Capa do livro sobre a folclorista brasileira.

Em 1951, Evanira apresentou sua pesquisa sobre Dorme-Nenês (canções de ninar) no 1º Congresso Brasileiro de Folclore, no Rio de Janeiro, evento que contou com a presença do presidente Getúlio Vargas. Nessa e em outras reuniões, ela desenvolveu amizades duradouras com colegas e figuras seminais da época, incluindo Renato Almeida, Oswald de Andrade Filho, Théo Brandão, Luís da Câmara Cascudo, Edison Carneiro, Camargo Guarnieri e Cecília Miereles, entre outros.

Evanira também participou de expedições de pesquisa, incluindo uma visita a Atibaia, no estado de São Paulo, onde passaram alguns dias documentando várias manifestações musicais. Por exemplo, a equipe de pesquisa era convidada a participar de um jantar, então começava o batuque, seguido da dança, e logo os pesquisadores se juntavam à dança e, durante os intervalos, eles acompanhavam os participantes, pedindo significado e esclarecimento de detalhes associados à sua experiência com a música e a dança. Ela lembra que “eles não sabiam muito bem por que estávamos interessados, mas tinham certeza de que havia um lugar em São Paulo para onde tudo isso iria – arquivado, onde eles seriam lembrados”.

Quarto centenário de São Paulo

Em 1954, a cidade de São Paulo comemorou seu 400º aniversário, resultando em uma ampla comemoração do IV Centenário da cidade de São Paulo, combinada com o Congresso Internacional de Folclore em agosto daquele ano. Evanira ajudou a organizar um pavilhão do folclore e uma grande procissão folclórica, apresentando música e dança em todo o país. Como resultado, o arquivo de folclore do Conservatório tornou-se um dos primeiros museus de folclore do país. O Museu de Folclore Rossini Tavares de Lima esteve localizado no Parque do Ibirapuera, em São Paulo, até 1999, quando o museu foi retirado do prédio da Oca, projetado por Oscar Niemeyer, para dar lugar à ampla Mostra do Redescobrimento do Brasil, em 2000, que comemorou os 500 anos da chegada dos portugueses ao litoral do país.
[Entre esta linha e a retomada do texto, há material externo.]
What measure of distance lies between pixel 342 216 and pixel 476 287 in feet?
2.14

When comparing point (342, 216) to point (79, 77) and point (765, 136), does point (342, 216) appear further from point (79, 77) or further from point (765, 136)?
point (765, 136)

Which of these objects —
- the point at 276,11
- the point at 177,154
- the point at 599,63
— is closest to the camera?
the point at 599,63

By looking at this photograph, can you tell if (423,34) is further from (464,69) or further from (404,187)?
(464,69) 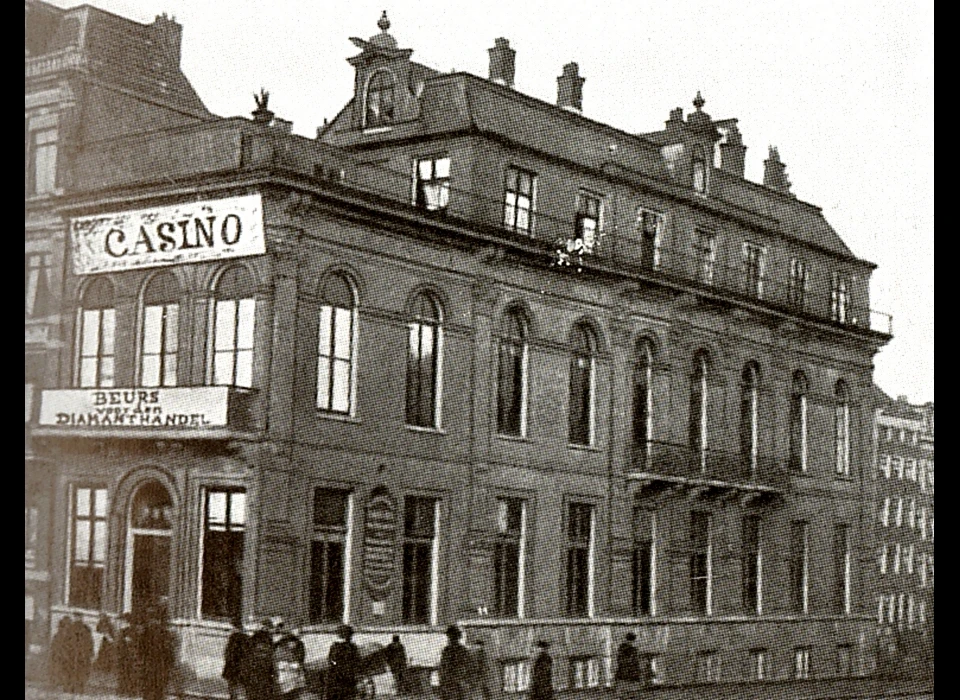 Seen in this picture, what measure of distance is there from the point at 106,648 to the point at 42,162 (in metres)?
2.77

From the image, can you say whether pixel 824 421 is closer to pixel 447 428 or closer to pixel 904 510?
pixel 904 510

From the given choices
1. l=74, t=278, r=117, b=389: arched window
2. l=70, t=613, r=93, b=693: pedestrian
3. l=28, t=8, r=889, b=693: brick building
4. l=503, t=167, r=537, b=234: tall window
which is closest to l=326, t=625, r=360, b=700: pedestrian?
l=28, t=8, r=889, b=693: brick building

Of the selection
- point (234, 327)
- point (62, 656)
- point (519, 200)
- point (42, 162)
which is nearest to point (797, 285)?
point (519, 200)

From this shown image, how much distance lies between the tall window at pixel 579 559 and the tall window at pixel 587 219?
4.87ft

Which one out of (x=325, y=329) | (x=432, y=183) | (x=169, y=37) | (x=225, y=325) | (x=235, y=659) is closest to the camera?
(x=235, y=659)

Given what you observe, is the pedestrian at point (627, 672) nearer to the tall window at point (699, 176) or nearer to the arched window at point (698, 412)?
the arched window at point (698, 412)

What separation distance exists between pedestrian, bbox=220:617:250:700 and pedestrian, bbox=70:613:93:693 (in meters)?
0.89

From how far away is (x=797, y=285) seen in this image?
7379 millimetres

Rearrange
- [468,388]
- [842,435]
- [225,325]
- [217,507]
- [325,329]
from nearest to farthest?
[217,507], [225,325], [325,329], [468,388], [842,435]

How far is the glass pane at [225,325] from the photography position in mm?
6535

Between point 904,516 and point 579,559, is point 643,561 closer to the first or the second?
point 579,559

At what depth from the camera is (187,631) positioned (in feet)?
21.4

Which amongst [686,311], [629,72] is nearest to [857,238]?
[686,311]

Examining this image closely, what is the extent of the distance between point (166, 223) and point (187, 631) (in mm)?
2161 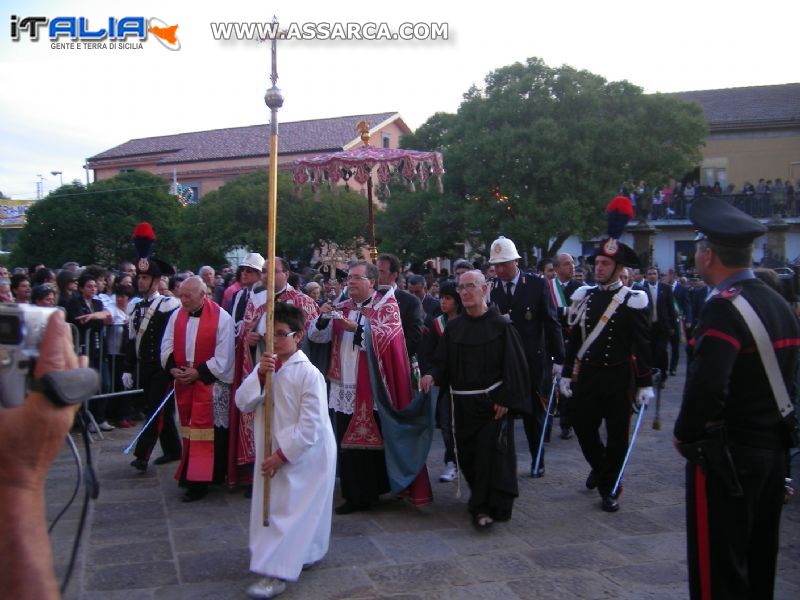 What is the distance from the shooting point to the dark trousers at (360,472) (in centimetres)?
593

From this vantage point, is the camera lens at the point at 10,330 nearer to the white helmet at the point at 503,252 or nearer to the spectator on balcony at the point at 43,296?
the white helmet at the point at 503,252

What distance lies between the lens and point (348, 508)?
5891mm

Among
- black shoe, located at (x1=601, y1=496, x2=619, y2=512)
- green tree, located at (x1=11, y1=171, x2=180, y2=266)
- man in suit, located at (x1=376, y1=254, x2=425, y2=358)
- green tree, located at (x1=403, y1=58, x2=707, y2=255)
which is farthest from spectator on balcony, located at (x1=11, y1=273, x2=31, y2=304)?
green tree, located at (x1=11, y1=171, x2=180, y2=266)

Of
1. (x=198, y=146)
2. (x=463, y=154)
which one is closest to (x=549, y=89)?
(x=463, y=154)

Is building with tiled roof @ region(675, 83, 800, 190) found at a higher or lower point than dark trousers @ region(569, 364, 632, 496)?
higher

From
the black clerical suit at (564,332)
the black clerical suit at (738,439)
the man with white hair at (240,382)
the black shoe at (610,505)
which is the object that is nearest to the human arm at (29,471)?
the black clerical suit at (738,439)

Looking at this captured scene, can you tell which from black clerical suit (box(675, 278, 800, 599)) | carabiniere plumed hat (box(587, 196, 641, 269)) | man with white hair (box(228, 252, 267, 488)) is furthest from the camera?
man with white hair (box(228, 252, 267, 488))

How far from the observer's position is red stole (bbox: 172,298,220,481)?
6266 mm

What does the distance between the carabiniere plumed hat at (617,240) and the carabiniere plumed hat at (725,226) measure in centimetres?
253

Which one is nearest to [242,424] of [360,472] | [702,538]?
[360,472]

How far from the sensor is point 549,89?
23641mm

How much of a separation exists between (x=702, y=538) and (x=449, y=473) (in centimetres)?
372

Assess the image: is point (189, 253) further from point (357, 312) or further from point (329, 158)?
point (357, 312)

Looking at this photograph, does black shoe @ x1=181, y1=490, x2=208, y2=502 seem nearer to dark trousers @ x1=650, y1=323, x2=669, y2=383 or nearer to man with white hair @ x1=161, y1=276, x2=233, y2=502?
man with white hair @ x1=161, y1=276, x2=233, y2=502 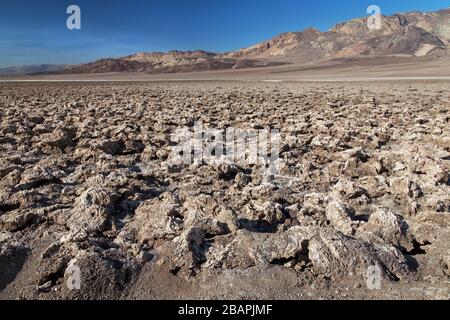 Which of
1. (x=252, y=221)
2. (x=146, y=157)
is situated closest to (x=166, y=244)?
(x=252, y=221)

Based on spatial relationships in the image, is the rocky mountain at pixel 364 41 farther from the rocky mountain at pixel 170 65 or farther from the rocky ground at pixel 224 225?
the rocky ground at pixel 224 225

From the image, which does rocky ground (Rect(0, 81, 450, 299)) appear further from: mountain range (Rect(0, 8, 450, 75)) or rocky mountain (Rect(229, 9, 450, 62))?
rocky mountain (Rect(229, 9, 450, 62))

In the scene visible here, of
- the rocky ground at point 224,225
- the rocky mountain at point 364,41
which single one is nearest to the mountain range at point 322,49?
the rocky mountain at point 364,41

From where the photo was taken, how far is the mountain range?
281 ft

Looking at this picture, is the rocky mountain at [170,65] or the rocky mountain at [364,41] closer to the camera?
the rocky mountain at [170,65]

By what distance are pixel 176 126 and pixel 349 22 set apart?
143176mm

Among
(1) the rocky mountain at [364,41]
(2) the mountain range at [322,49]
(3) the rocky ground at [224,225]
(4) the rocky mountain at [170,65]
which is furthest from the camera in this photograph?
(1) the rocky mountain at [364,41]

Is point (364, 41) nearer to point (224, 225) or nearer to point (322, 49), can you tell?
point (322, 49)

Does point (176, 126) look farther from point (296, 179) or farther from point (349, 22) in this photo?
point (349, 22)

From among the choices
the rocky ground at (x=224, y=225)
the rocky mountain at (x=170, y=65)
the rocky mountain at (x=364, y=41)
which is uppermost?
the rocky mountain at (x=364, y=41)

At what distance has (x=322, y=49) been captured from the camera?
114562 millimetres

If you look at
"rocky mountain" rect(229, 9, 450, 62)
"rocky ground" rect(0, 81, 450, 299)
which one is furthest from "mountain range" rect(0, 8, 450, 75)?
"rocky ground" rect(0, 81, 450, 299)

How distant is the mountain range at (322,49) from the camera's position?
8568 cm

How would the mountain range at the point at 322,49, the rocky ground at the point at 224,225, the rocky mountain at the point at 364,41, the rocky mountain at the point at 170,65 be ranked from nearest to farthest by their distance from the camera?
the rocky ground at the point at 224,225 < the rocky mountain at the point at 170,65 < the mountain range at the point at 322,49 < the rocky mountain at the point at 364,41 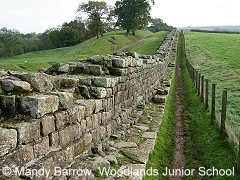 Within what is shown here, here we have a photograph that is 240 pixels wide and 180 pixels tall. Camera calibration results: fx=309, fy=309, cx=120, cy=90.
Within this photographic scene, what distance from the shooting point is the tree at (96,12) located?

Em meados da década de 1950, Evanira escreveu vários artigos semanais no jornal Correio Paulistano sobre as obras de compositores como Bach, Mozart, Satie e outros, ópera, modernismo, filosofia e outros. Em 1958, recebeu a Medalha Sílvio Romero pelos serviços prestados ao folclore, ao lado do compositor Heitor Villa-Lobos, dos folcloristas mencionados anteriormente e outros.
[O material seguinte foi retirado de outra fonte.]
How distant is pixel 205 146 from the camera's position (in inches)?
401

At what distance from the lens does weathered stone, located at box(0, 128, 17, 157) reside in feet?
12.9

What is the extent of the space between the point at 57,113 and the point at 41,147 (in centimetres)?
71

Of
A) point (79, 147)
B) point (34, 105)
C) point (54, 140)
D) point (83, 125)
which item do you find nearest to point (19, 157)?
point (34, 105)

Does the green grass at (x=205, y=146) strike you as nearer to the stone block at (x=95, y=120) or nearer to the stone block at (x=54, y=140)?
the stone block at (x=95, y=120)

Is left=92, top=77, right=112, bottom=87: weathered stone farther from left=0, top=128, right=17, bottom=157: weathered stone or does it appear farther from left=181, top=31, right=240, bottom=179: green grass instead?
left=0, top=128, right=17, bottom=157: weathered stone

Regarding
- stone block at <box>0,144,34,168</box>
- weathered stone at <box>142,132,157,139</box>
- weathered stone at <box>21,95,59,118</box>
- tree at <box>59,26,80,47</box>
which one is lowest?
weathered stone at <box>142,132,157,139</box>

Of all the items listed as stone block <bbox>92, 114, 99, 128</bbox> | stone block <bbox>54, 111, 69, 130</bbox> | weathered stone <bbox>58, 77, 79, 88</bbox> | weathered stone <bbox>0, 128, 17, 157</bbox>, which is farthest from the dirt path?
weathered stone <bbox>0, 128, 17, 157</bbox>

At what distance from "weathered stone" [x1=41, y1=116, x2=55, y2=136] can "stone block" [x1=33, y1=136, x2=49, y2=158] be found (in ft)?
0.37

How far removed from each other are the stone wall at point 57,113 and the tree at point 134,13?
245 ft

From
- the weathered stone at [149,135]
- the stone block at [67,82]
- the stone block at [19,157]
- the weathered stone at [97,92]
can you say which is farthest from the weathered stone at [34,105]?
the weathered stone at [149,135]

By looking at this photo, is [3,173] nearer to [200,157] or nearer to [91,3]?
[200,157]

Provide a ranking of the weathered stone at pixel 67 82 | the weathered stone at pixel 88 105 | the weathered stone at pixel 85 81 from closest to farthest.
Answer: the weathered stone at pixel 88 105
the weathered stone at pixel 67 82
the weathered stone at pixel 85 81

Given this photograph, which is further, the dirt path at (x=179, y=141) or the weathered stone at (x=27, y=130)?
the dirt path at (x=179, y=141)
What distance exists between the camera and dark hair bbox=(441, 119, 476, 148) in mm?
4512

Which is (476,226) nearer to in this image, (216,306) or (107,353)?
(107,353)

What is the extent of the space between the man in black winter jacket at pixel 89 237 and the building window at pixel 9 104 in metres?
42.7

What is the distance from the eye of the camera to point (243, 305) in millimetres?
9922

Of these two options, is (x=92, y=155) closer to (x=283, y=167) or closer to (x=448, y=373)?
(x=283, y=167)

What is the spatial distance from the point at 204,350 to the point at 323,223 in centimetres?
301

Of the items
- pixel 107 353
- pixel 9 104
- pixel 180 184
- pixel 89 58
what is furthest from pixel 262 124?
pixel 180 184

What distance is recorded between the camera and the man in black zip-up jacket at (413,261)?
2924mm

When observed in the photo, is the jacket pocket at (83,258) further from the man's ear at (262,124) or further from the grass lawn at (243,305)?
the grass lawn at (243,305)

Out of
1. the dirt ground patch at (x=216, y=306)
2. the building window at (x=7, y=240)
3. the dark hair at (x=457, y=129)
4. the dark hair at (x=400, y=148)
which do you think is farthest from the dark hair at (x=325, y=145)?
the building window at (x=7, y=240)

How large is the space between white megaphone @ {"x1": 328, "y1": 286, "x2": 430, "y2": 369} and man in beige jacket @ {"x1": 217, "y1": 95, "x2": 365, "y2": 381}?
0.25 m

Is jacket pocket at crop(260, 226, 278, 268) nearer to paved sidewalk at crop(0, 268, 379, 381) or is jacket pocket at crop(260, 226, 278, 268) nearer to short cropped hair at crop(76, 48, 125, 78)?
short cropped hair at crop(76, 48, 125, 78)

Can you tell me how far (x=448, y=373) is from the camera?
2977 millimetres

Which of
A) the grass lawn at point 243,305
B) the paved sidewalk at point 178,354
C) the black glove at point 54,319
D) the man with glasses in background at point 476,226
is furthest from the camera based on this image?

Em 1959, Evanira recebeu uma bolsa de estudos do Ministério da Educação e Cultura para estudar na Europa, onde estudou na Sorbonne com o professor Marcel Beaufils e fez aulas de mímica com Marcel Marceau. Ela também se encontrou com Luiz Heitor Correia de Azevêdo e depois viajou para a Itália, onde conheceu Jerome Birdman, um soldado americano estacionado na Itália, o que efetivamente encerrou seu trabalho com o folclore brasileiro.

As realizações de Evanira Mendes e de várias outras mulheres que trabalharam com as comissões de folclore em todo o Brasil merecem reconhecimento por suas contribuições ao movimento. Sua história, juntamente com traduções em inglês de seus escritos, aparecem em Evanira Mendes: A voice from the Brazilian Folklore Movement(University Press of Mississippi 2025). Espera-se que essa seja a primeira de várias vozes a serem recuperadas daquela época.